= WORK TASK =
Give exactly the lines from the one with "11924 67 Dr, Peoria AZ 85383-7104 exterior" through the final line of the listing below, both included, leaving out any pictures.

= EXTRACTED INFORMATION =
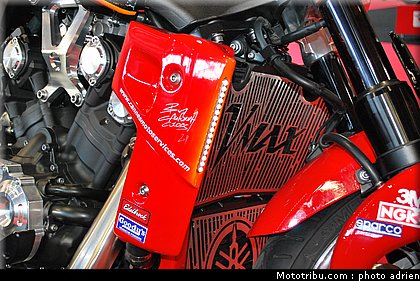 jpms_2011_cannes_moto_services_19.JPG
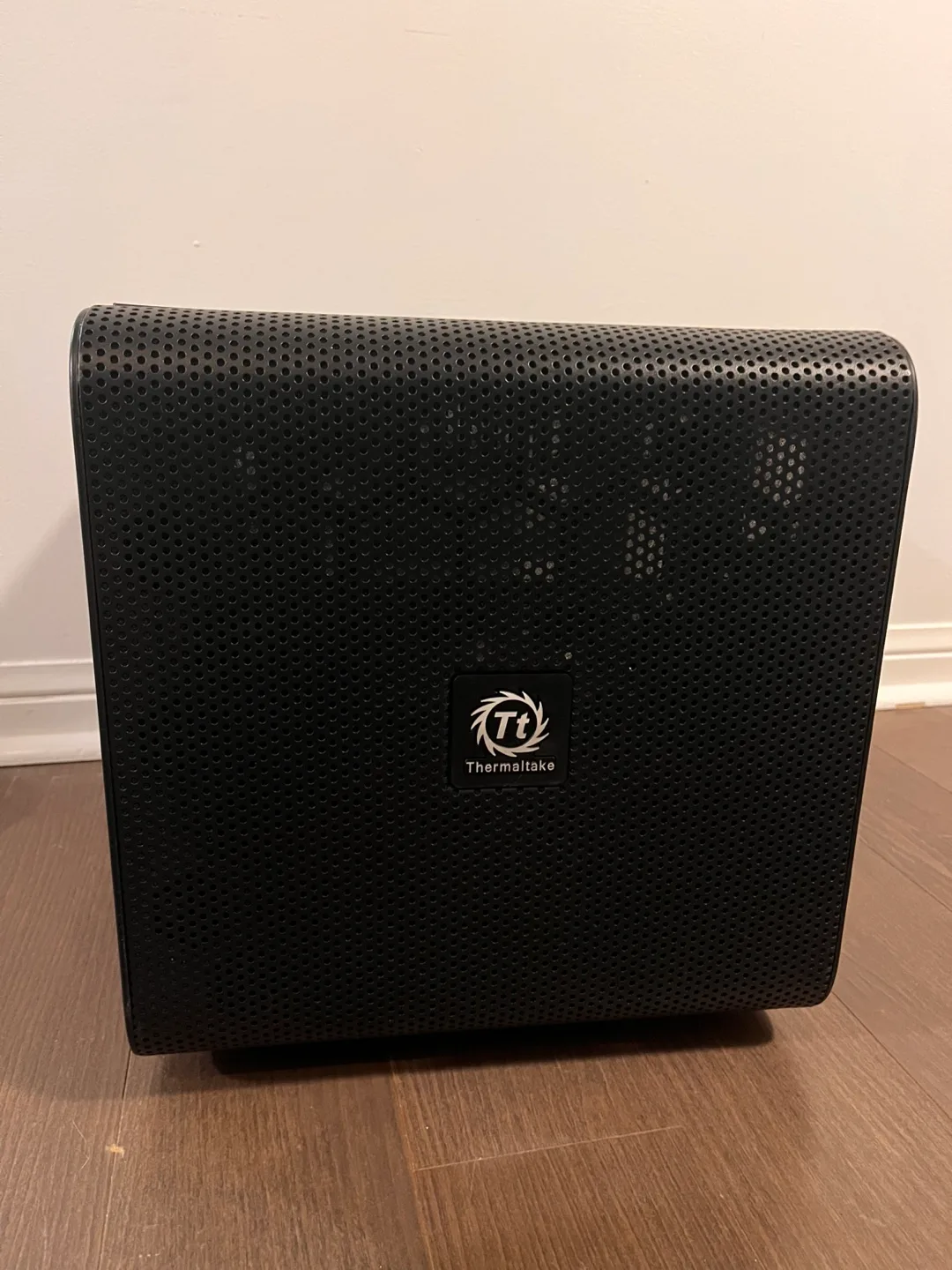 Thermaltake Core V21 Cube Case image indicator(3)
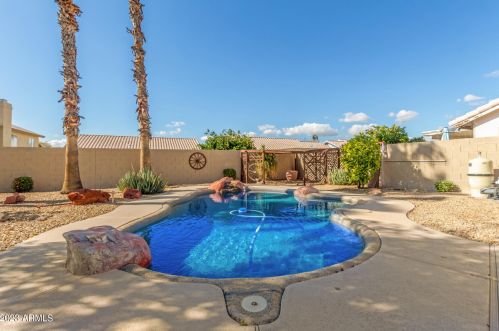 11924 67 Dr, Peoria AZ 85383-7104 exterior
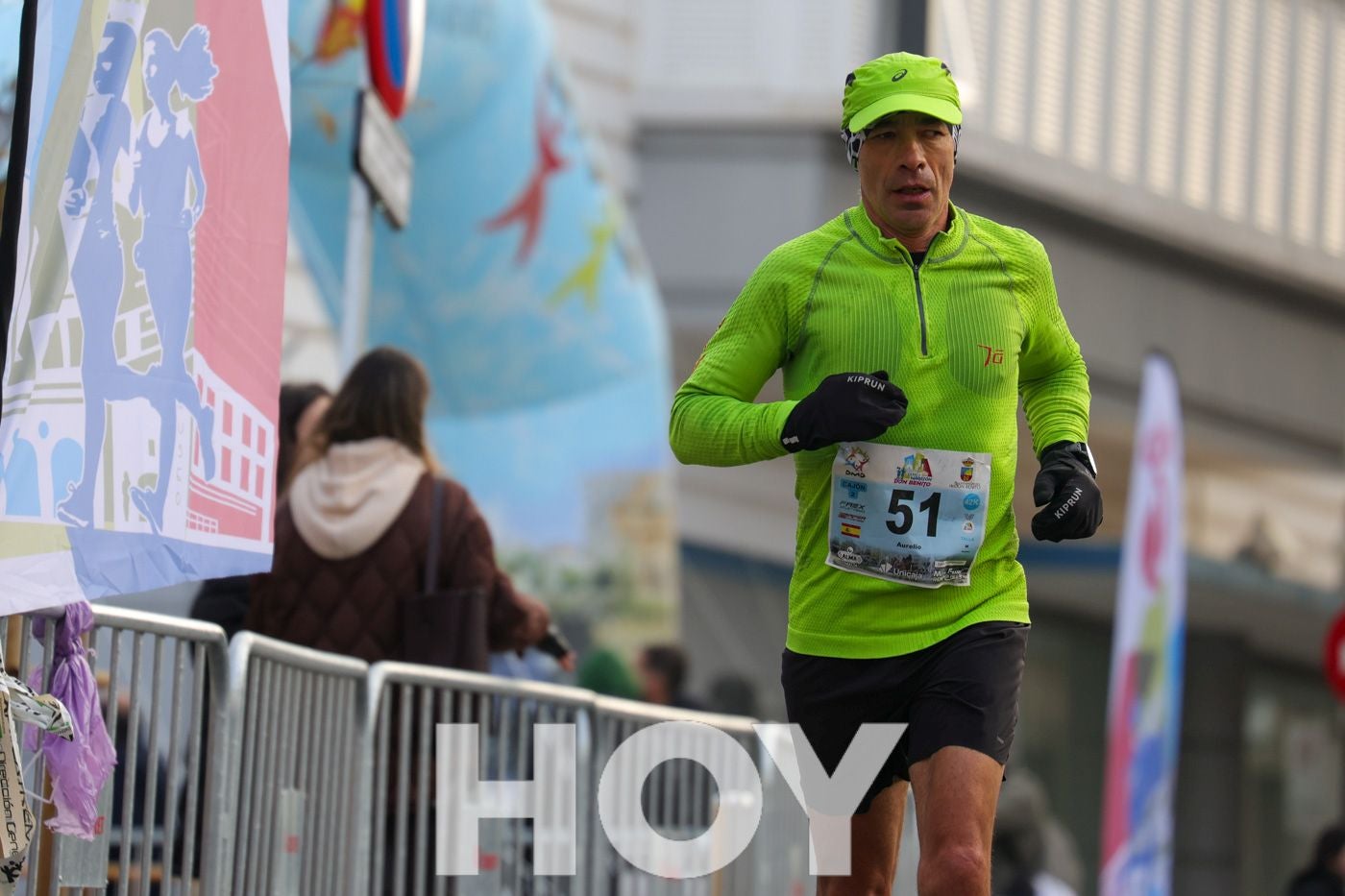 Gran ambiente de atletismo en las calles de Don Benito
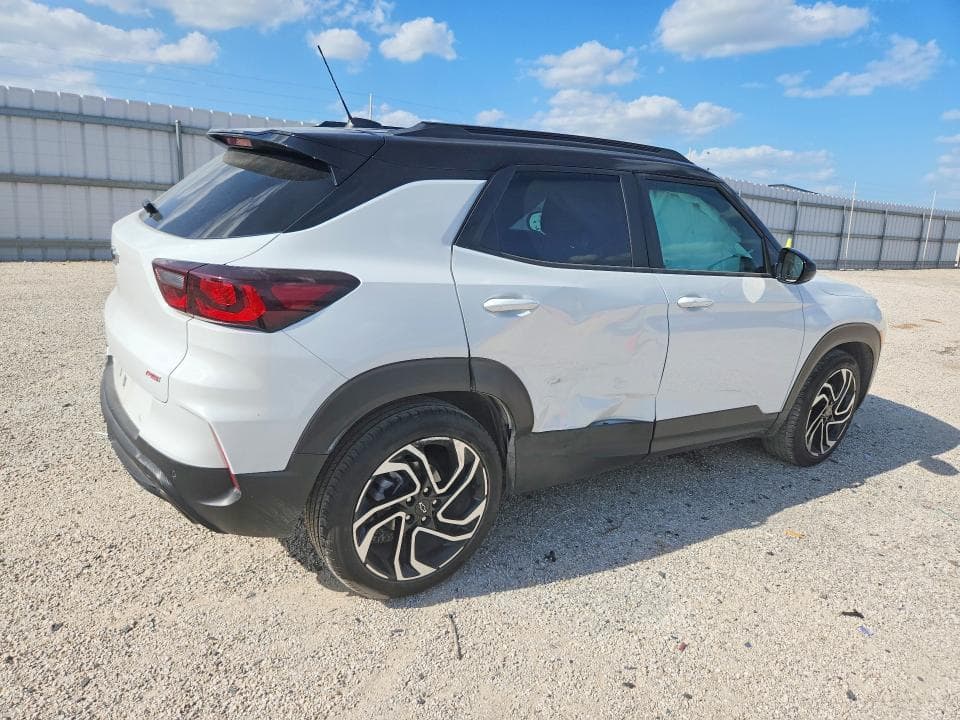 2024 CHEVROLET TRAILBLAZER RS 3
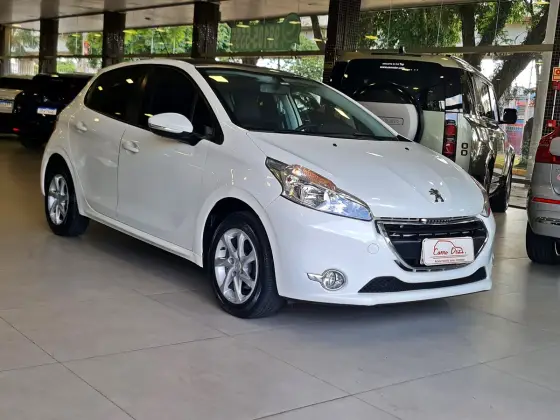 PEUGEOT 208 2016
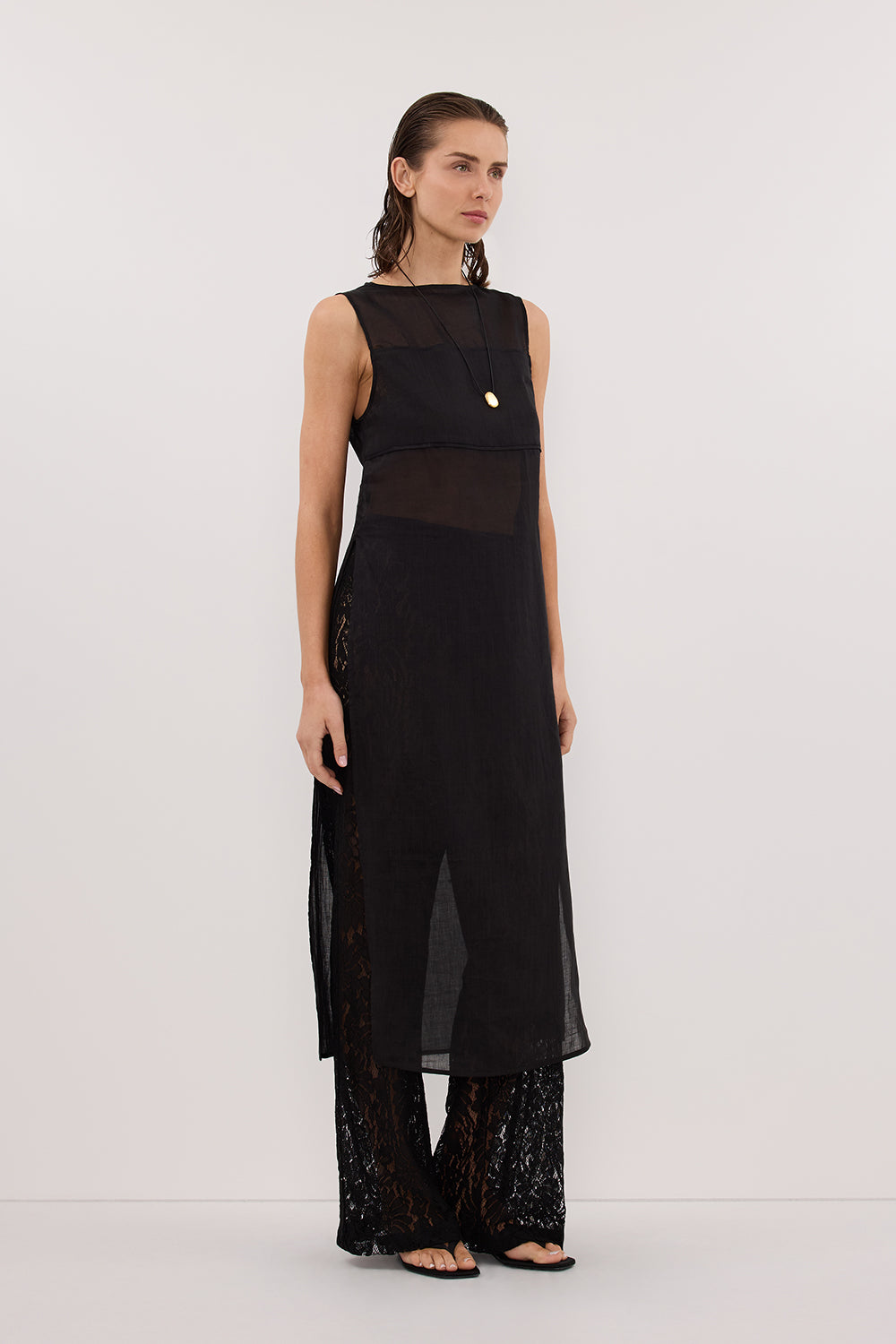KAI BLACK SLEEVELESS RAMIE TUNIC TOP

= TASK RESPONSE =
 11924 67 Dr, Peoria AZ 85383-7104 exterior
 Gran ambiente de atletismo en las calles de Don Benito
 2024 CHEVROLET TRAILBLAZER RS 3
 PEUGEOT 208 2016
KAI BLACK SLEEVELESS RAMIE TUNIC TOP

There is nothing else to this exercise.